A second target class determination module 204, configured to obtain a second sample that is less than the distance threshold from the second cluster center and does not belong to the first target class, and determine the second sample as a second target class.

Fig. 3 is a schematic diagram of distance threshold experimental data according to another embodiment of the present invention.

Fig. 4 is a schematic diagram of experimental data before and after clustering in a training set according to another embodiment of the present invention.

Fig. 5 is a schematic diagram of experimental data of different attack detection rates before and after clustering by the training set according to another embodiment of the present invention.

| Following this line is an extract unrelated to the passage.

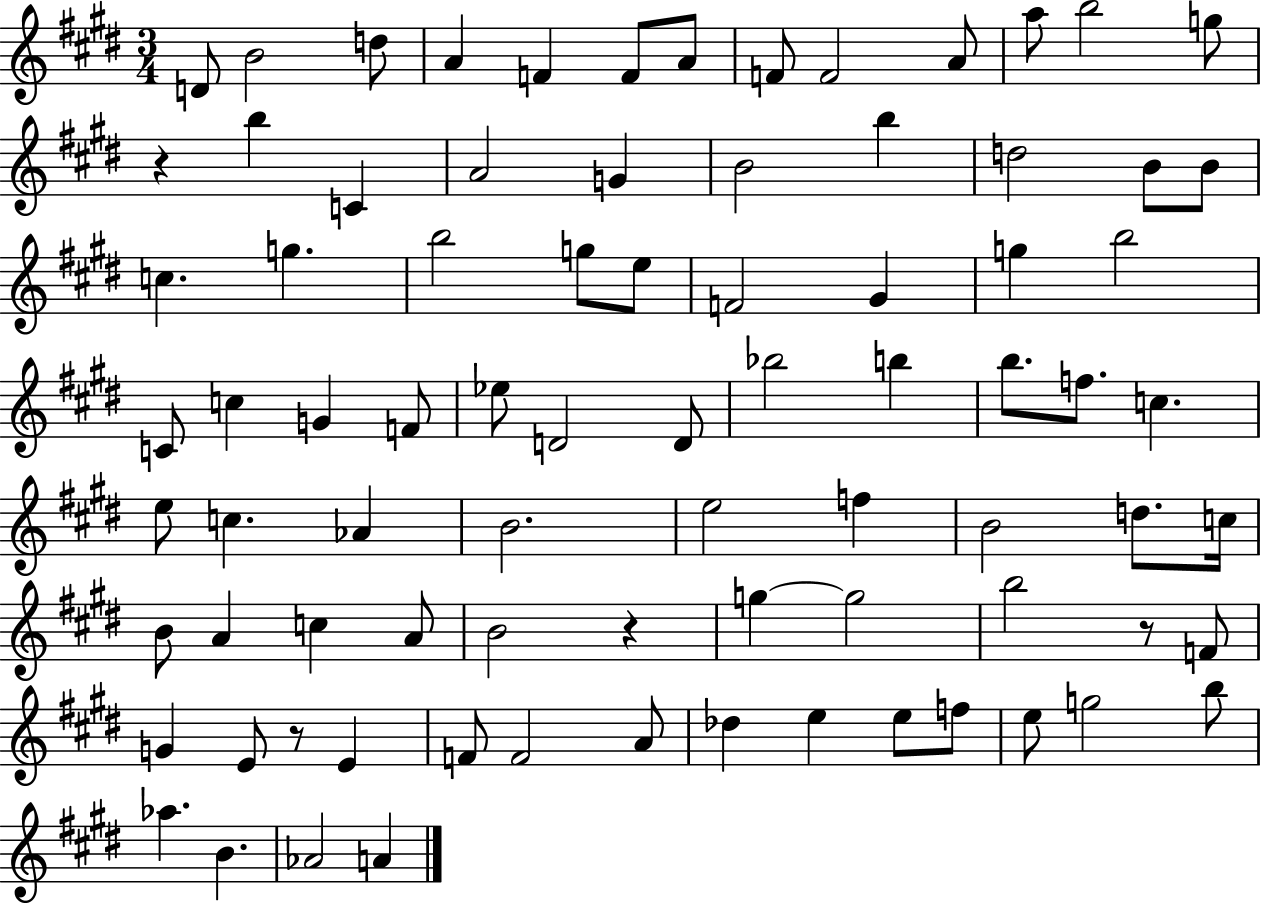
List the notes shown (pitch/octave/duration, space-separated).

D4/e B4/h D5/e A4/q F4/q F4/e A4/e F4/e F4/h A4/e A5/e B5/h G5/e R/q B5/q C4/q A4/h G4/q B4/h B5/q D5/h B4/e B4/e C5/q. G5/q. B5/h G5/e E5/e F4/h G#4/q G5/q B5/h C4/e C5/q G4/q F4/e Eb5/e D4/h D4/e Bb5/h B5/q B5/e. F5/e. C5/q. E5/e C5/q. Ab4/q B4/h. E5/h F5/q B4/h D5/e. C5/s B4/e A4/q C5/q A4/e B4/h R/q G5/q G5/h B5/h R/e F4/e G4/q E4/e R/e E4/q F4/e F4/h A4/e Db5/q E5/q E5/e F5/e E5/e G5/h B5/e Ab5/q. B4/q. Ab4/h A4/q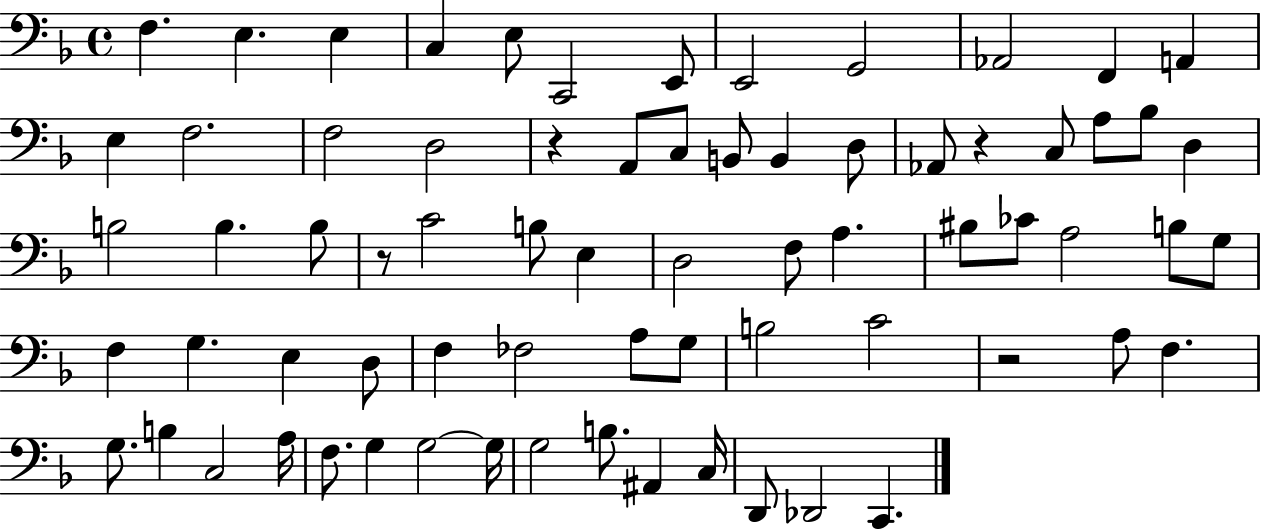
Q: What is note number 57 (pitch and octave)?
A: F3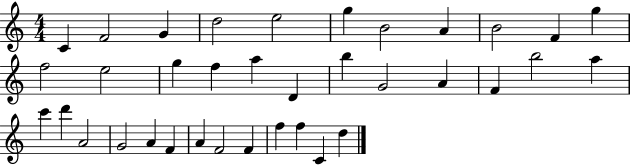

It should be understood that, although the steps in the flowcharts of the figures are shown in order as indicated by the arrows, the steps are not necessarily performed in order as indicated by the arrows. The steps are not performed in the exact order shown and may be performed in other orders unless explicitly stated herein. Moreover, at least a portion of the steps in the flow chart of the figure may include multiple sub-steps or multiple stages, which are not necessarily performed at the same time, but may be performed at different times, which are not necessarily performed in sequence, but may be performed alternately or alternately with other steps or at least a portion of the sub-steps or stages of other steps.

The foregoing is only a partial embodiment of the present invention, and it should be noted that, for those skilled in the art, various modifications and decorations can be made without departing from the principle of the present invention, and these modifications and decorations should also be regarded as the protection scope of the present invention.

Claims

1. A method for obtaining the number of target categories in a K-means algorithm is characterized by comprising the following steps:

2. The method of claim 1, wherein the first cluster center point is a designated choice.

3. The method of claim 1, wherein the first cluster center point is randomly selected from a training set.

4. The method of claim 1, wherein the distance threshold is 0.5.

5. A system for obtaining the number of target categories in a K-means algorithm is characterized by comprising the following steps:

6. The system of claim 5, wherein the first cluster center point is a designated choice.

7. The system of claim 5, wherein the first cluster center point is randomly selected from a training set.

8. The system of claim 5, wherein the distance threshold is 0.5.